> Try it
Go through the records and set each one down exactly, skipping any picture.

> Data to examine
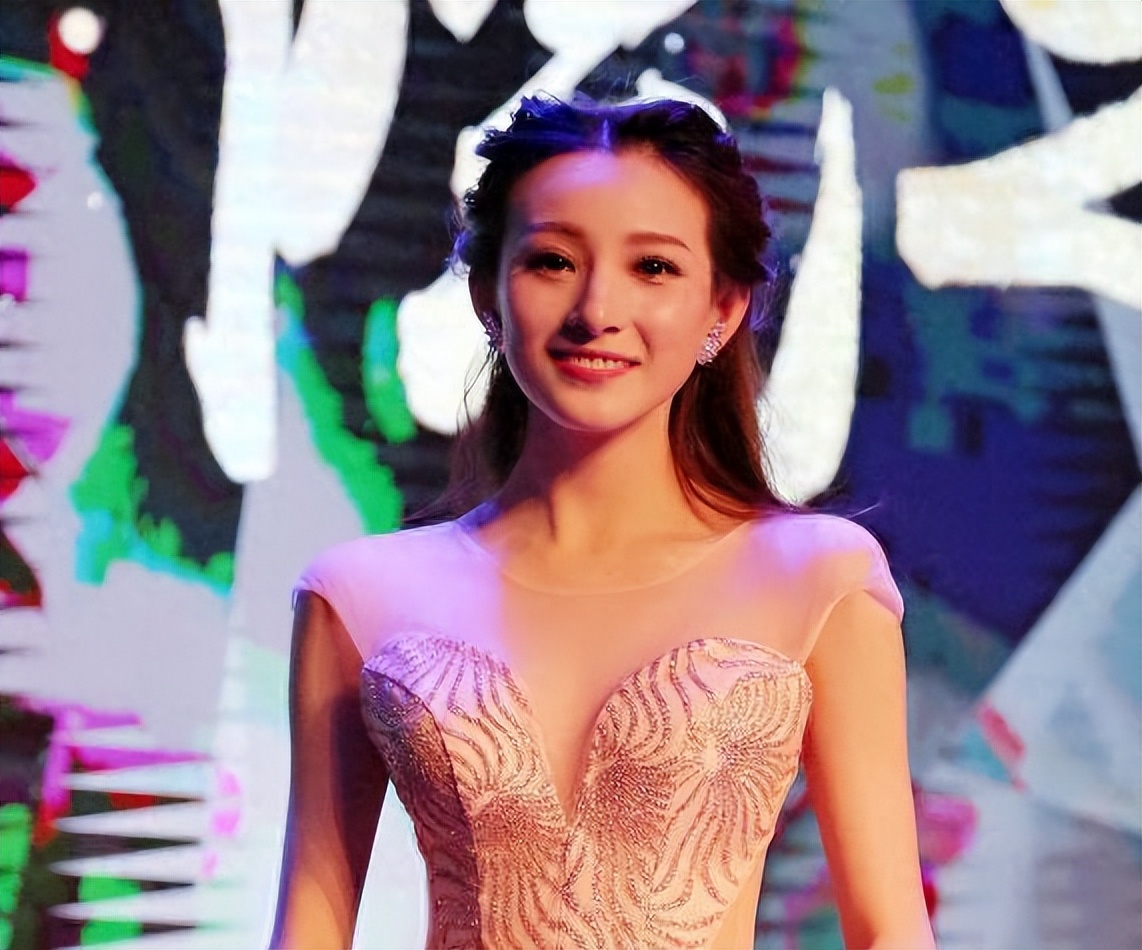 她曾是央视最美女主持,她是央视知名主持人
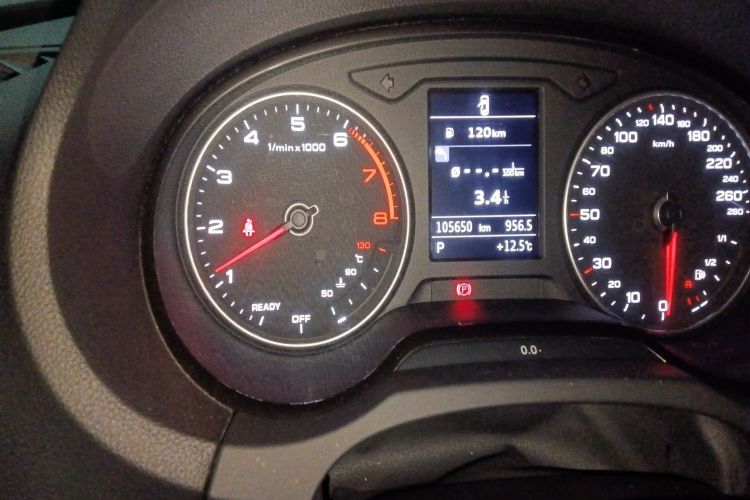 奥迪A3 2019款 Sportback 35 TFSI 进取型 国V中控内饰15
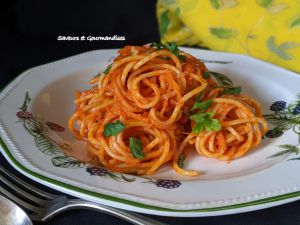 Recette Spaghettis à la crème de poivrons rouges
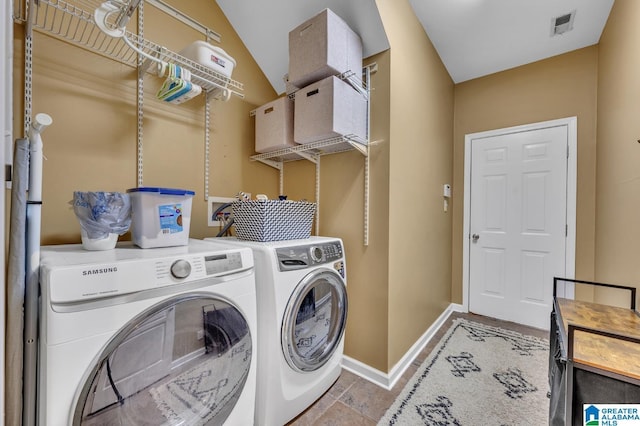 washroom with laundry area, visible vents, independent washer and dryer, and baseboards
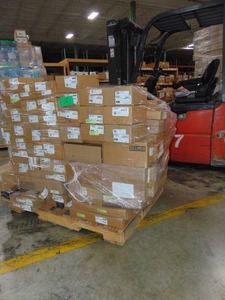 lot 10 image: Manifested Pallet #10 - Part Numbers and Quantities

> Answer to this task
 她曾是央视最美女主持,她是央视知名主持人
 奥迪A3 2019款 Sportback 35 TFSI 进取型 国V中控内饰15
 Recette Spaghettis à la crème de poivrons rouges
 washroom with laundry area, visible vents, independent washer and dryer, and baseboards
 lot 10 image: Manifested Pallet #10 - Part Numbers and Quantities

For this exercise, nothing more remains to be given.